JavaScript, Perl, PHP, Python, Ruby, and other dynamic languages are remaking the Web and bringing programming to the masses. Where should developers place their bets?

The power of the dominant applications is apparent to everyone. Facebook even calls its scripting language FBJS (Facebook JavaScript) because it's so site-specific.

But there are limits to this cross-pollination. "I don't see this lasting because it's so specific," said David Goodger, a director of Python Software Foundation. "A lot of graphics packages had their own proprietary language for scripting. But then it's this static thing. You don't have the advantage of this vibrant community. If you take this language like Python, you have the advantage of this well-developed tool with the well-developed libraries. You've got the best of all possible worlds."

Still, even if the applications embrace a 100 percent pure version of a language, all of the code will be dominated by the application's API. Look for languages and their syntax to remain relatively pure while the libraries define another language built on top of the first.

4. Communities will be more important. As Goodger notes, Python is especially popular in a few niches, such as the world of bioinformatics and graphics. People who work with synthetic images or DNA results learn Python to do their job. Even if Python dies everywhere else, biochemists are probably still going to be learning Python.

The power of these communities is phenomenal. When Steve Jobs introduced the iPhone, everyone began looking for Cocoa programmers again. Mike Hendrickson, the publisher at O'Reilly Books, said, "We've seen a huge turnaround for Cocoa. It was all but gone a couple of years ago. Now, there's a huge, huge increase in Cocoa because a lot of people want to develop their cool apps for the iPhone."

If Steve Jobs decides that some unary lambda calculus is the language of choice for the iPhone 4.0, the developer community is going to find a way to rationalize his selection and talk about how much they love the language.

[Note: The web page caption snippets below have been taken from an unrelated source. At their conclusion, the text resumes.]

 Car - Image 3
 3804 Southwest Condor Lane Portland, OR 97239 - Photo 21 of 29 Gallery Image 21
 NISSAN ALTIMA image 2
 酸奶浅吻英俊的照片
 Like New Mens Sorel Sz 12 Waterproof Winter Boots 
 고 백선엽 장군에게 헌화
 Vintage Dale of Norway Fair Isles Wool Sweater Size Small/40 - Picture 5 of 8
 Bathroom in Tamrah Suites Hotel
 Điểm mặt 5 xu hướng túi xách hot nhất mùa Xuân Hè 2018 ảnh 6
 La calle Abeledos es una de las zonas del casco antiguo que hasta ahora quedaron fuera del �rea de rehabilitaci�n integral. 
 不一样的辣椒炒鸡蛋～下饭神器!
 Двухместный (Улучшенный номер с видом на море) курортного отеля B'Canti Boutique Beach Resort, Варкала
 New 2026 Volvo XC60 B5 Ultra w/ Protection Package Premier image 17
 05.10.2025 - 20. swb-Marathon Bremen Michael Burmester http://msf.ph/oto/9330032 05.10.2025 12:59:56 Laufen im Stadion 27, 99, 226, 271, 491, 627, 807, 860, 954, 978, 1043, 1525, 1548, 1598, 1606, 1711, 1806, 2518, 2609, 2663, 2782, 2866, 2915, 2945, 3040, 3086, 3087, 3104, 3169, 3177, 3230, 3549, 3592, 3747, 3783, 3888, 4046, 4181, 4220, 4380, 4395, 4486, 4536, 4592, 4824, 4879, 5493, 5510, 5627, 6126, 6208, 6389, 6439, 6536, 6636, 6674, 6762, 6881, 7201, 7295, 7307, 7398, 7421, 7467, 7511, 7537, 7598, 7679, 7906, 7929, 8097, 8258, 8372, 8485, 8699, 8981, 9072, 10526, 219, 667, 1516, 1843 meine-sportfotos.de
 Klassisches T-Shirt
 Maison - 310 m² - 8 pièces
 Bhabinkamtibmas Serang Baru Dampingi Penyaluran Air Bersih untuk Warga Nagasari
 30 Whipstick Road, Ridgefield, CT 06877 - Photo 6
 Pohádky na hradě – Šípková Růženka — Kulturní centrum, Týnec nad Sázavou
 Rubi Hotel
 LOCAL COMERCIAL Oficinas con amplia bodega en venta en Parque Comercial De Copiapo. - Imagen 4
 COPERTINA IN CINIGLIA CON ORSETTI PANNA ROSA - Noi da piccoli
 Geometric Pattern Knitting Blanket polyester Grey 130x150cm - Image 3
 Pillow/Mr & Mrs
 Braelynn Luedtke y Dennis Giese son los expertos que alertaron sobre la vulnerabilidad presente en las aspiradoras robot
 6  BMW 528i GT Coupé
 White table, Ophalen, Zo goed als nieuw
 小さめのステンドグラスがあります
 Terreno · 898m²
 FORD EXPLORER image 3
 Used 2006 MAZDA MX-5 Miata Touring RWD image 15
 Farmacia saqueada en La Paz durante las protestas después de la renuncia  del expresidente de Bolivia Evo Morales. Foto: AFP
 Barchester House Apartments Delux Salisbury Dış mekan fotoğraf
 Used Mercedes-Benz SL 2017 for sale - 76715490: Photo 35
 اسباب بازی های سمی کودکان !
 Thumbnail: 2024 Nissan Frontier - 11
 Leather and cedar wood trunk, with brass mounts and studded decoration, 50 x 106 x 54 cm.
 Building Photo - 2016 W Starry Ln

5. The Web and the cloud are the ultimate platform. Google's App Engine sparked a huge burst of interest in Python. Perl and PHP were early favorites because they were so well integrated with Apache, a Web server that was both free and easy to configure. Tomorrow's scripting languages of choice will be determined more by the simplicity, cost, and scalability of the hosting platform, not by the purity of the syntactic sugar. Look for such tools as AppJet and Coghead by selling a cloud with a simple scripting language for building the application.

6. Better language technology will make a difference. The battle for supremacy between Mozilla's Firefox ("JavaScript, I am your father") and Google's Chrome ("Come live in thread harmony, Luke") is good for everyone. The performance gains these browsers have brought to JavaScript have been dramatic, and they're already making some other scripting languages jealous.